━━━ Given records ━━━

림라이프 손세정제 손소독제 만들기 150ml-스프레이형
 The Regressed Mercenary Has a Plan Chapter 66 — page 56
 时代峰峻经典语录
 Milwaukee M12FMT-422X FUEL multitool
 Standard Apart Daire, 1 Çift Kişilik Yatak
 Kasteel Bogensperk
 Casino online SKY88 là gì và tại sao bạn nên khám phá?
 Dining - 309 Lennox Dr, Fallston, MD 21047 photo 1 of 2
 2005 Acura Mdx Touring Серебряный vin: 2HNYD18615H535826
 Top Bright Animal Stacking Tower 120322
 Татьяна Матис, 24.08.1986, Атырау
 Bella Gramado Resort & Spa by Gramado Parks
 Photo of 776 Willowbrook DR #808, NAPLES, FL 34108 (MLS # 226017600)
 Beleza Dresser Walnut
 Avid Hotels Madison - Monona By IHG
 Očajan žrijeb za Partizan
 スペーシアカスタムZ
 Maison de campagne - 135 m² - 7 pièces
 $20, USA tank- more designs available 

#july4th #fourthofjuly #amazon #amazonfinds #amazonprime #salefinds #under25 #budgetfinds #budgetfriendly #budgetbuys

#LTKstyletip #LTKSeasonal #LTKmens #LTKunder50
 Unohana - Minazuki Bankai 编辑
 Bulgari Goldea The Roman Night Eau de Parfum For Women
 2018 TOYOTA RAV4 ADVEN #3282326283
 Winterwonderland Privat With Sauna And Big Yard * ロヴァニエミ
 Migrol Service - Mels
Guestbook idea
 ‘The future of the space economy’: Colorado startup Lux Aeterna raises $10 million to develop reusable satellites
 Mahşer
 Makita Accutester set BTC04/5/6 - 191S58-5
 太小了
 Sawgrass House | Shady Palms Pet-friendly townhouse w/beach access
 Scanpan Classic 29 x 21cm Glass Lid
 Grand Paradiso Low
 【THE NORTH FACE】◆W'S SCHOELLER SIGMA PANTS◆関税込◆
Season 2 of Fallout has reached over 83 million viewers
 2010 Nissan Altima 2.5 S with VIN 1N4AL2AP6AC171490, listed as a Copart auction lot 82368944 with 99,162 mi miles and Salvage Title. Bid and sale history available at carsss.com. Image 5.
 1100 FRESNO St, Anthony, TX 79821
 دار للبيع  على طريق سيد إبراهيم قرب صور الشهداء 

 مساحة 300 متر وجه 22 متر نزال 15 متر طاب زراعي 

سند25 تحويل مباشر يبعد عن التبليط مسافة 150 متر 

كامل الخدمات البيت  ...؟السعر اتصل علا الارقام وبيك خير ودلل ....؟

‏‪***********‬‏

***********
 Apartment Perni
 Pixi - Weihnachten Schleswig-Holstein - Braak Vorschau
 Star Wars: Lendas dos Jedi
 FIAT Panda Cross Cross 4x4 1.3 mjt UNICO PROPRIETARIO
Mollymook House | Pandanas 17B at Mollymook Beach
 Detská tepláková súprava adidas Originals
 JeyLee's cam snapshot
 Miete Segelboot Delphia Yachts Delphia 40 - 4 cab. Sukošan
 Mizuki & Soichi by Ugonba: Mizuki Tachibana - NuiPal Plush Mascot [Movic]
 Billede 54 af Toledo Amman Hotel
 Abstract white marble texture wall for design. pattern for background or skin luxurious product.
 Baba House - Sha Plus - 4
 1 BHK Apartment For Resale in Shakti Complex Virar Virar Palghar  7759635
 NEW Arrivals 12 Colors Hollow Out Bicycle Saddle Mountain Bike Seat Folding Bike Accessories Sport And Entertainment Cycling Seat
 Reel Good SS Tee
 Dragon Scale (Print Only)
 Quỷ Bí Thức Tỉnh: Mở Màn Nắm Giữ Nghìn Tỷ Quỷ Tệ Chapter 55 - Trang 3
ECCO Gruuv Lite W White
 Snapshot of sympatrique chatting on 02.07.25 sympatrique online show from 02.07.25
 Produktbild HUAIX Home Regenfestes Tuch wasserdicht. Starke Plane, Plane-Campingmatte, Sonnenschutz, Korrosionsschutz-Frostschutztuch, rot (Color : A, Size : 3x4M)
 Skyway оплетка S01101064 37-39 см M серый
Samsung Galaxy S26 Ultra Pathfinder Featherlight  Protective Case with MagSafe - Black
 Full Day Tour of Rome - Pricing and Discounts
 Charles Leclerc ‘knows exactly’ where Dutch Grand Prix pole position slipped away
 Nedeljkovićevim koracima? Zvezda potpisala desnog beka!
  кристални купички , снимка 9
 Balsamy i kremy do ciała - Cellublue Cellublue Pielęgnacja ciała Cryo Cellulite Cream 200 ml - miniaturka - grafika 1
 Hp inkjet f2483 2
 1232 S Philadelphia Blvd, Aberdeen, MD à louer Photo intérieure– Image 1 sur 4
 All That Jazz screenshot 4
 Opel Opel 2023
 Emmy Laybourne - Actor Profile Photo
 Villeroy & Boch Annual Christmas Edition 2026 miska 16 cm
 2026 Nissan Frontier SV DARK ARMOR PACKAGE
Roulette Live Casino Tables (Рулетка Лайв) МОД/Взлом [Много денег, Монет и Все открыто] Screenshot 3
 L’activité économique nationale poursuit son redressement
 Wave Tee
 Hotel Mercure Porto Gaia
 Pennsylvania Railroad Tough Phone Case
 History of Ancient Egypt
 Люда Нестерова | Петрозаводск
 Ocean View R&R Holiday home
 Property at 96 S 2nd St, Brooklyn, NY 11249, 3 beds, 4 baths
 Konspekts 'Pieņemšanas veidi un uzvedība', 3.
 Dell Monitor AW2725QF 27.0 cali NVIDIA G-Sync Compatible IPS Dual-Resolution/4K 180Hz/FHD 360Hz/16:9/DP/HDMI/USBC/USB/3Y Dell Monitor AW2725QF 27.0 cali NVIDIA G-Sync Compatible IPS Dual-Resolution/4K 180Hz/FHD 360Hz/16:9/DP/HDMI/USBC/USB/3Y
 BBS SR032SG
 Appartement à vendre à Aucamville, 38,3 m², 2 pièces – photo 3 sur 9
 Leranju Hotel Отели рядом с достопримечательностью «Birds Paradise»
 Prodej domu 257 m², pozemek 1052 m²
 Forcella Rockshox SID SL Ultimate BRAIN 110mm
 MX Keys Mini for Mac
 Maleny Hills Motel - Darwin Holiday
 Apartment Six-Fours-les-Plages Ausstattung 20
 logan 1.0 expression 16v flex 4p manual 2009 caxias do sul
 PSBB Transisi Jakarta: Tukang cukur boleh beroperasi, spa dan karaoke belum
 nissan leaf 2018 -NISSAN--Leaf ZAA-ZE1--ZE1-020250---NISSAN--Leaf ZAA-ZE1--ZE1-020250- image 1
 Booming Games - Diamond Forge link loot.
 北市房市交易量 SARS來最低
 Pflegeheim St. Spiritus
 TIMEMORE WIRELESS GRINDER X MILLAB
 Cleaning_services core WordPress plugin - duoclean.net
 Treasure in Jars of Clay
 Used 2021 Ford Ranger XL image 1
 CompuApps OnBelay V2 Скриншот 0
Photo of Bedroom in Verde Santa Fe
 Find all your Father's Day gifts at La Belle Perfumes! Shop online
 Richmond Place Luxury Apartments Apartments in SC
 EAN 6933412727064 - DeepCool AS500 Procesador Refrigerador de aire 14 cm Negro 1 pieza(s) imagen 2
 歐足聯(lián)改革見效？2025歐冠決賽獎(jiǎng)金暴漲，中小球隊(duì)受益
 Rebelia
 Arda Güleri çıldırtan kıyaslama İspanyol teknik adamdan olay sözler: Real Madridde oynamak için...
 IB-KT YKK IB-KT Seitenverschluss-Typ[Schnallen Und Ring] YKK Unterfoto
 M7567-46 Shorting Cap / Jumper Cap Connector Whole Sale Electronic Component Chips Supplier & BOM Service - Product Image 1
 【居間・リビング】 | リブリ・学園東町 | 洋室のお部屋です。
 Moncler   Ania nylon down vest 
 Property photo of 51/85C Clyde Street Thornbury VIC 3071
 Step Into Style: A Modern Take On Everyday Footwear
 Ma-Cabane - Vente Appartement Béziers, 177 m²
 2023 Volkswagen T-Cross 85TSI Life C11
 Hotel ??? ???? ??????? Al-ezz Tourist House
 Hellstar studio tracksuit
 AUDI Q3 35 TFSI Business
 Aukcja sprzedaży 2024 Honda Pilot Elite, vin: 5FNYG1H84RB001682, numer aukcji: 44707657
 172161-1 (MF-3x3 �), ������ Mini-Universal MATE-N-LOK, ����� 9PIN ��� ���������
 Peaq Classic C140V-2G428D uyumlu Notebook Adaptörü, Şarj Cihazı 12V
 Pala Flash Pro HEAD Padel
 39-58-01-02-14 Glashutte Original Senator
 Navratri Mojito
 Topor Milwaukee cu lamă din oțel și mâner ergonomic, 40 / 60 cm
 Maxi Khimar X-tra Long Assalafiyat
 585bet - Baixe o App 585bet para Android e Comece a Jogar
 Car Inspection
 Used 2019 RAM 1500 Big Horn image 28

━━━

§ **Instructions to follow**
Your answer should be the lines above, from the line containing "Ocean View R&R Holiday home" up to and including the line containing "Konspekts 'Pieņemšanas veidi", reproduced exactly and with nothing else.

§ **Exercise response**
 Ocean View R&R Holiday home
 Property at 96 S 2nd St, Brooklyn, NY 11249, 3 beds, 4 baths
 Konspekts 'Pieņemšanas veidi un uzvedība', 3.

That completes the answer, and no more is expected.